After this comment period expires, the FMCSA is required to look at all the comments and address those specific concerns when they publish their final rule. This often means small tweaks to the proposed rule, or language of the proposed rule. If the comment period brings up major concerns that require more significant changes to the proposed rule then the FMCSA usually will issue another Notice of Proposed Rulemaking and have another comment period.
How is the Rule added to the Federal Code?
Once the FMCSA has read through and addressed all of the issues put forth in the public comments they will create a document with the final rule and their reasoning behind the rule. This final rule and accompanying report appears in the Federal Register as well.
If there is no further steps taken by the public then this rule is added to the Federal Code.

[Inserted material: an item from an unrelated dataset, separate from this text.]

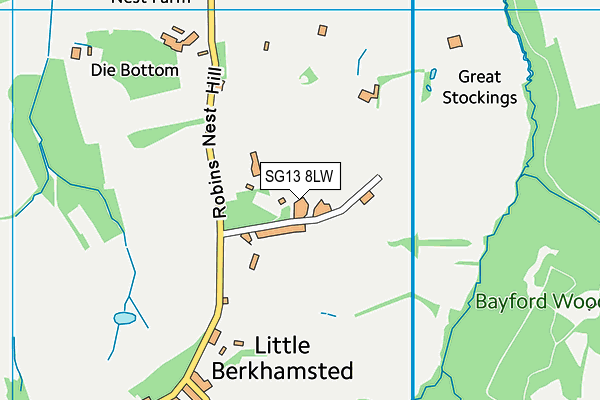 SG13 8LW map - OS VectorMap District (Ordnance Survey)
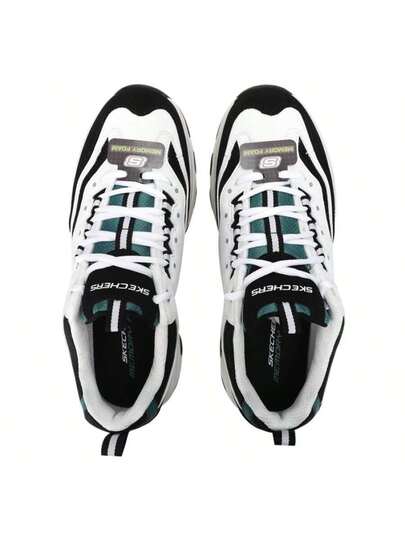 Skechers أحذية رياضية رباط رجالية D'LITES 1.0، بتصميم باندا، ذات نعل ناعم ومريح، منخفضة الرقبة، خفيفة الوزن، ماصة للصدمات، مناسبة للسفر والتنقل والارتداء اليومي.-WBK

When is the Effective Date of the Rule?
The effective date of the rule depends largely on the content of the rule, opinions from concerned parties during the comment period, and the opinion of the agency itself. If the rule is expected to be difficult or costly to implement then there is usually a waiting period, often of a year or more.
Some rules, that are more minor, or that are created to address a timely issue, will be made effective more quickly.

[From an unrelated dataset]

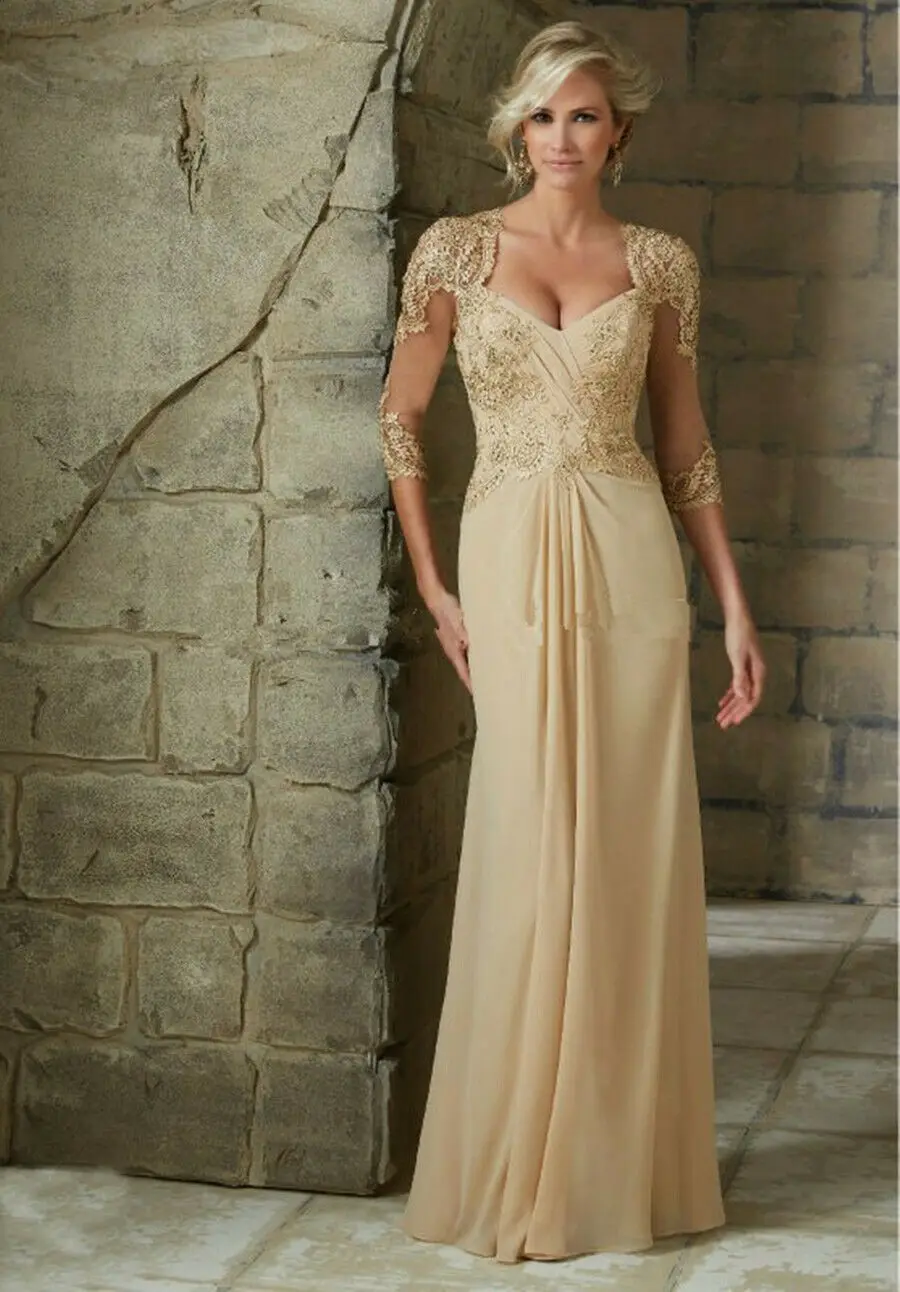 

Gorgeous V Neck Champagne Short Sleeves Chiffon Lace Applique Wedding Guest Dress Mother Of The Bride Dresses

Does Congress or the President Review the Rules?
This is a difficult question to answer fully. Because the FMCSA is created as a rule-making body by act of the Congress, they are allowed to make rules and regulations and add them to the Federal Code without having to go through the traditional processes of most laws. However, before an agency-created rule can take effect, the FMCSA must submit information to Congress and the Comptroller General and allow them time to respond.
Congress and the Comptroller General receive a copy of the rule, the proposed effective date and a summary of the rule as well as whether the rule is a major or minor rule.
"Within 60 days after Congress receives an agency’s rule, excluding periods when Congress is in recess or adjournment, a Member of Congress can introduce a resolution of disapproval that, if adopted by both Houses and enacted into law, can nullify the rule, even if it has already gone into effect." (Congressional Research Service, The Federal Rulemaking Process: An Overview)
Generally Congress and the President defer to the opinions of those placed in charge of federal agencies, but in cases of particularly unpopular rules, members of Congress have 60 days to introduce a resolution of disapproval. If this resolution is passed in both the House and the Senate then it is de-codified. The President also has the opportunity to veto this resolution of disapproval effectively keeping the rule codified.
Congress also will occasionally show disapproval of a law by defunding the enforcement of all or part of that rule, thus rendering it ineffective.
What Can Truckers Do About Rules that Are Already Codified?
Talk to your congressional representatives about your dissatisfaction. Talk to the FMCSA about your disapproval. In some cases, you may also join special interest or lobbying groups who will petition on your behalf.
All throughout the process of creating rules and regulations, and even after the rules are codified, there are anti-trucking special interest groups lobbying for the attention of both legislators and the FMCSA. Many of these groups are funded by big businesses, insurance companies, and those who have very little interest in the lifestyle and opinions of professional truck drivers.
These groups will and do get the ear of these agencies. While the agencies arguably try to get a well-balanced view of the issues at play in our industry, if average drivers stay silent, then they are forced to listen to the loudest voices in the room.
If you take away one thing from this deep dive into the processes behind the FMCSA's rulemaking, please remember this. Your voice matters during FMCSA processes. Please involve yourself in the process of rulemaking in our industry. If you don't, we can guarantee someone else will.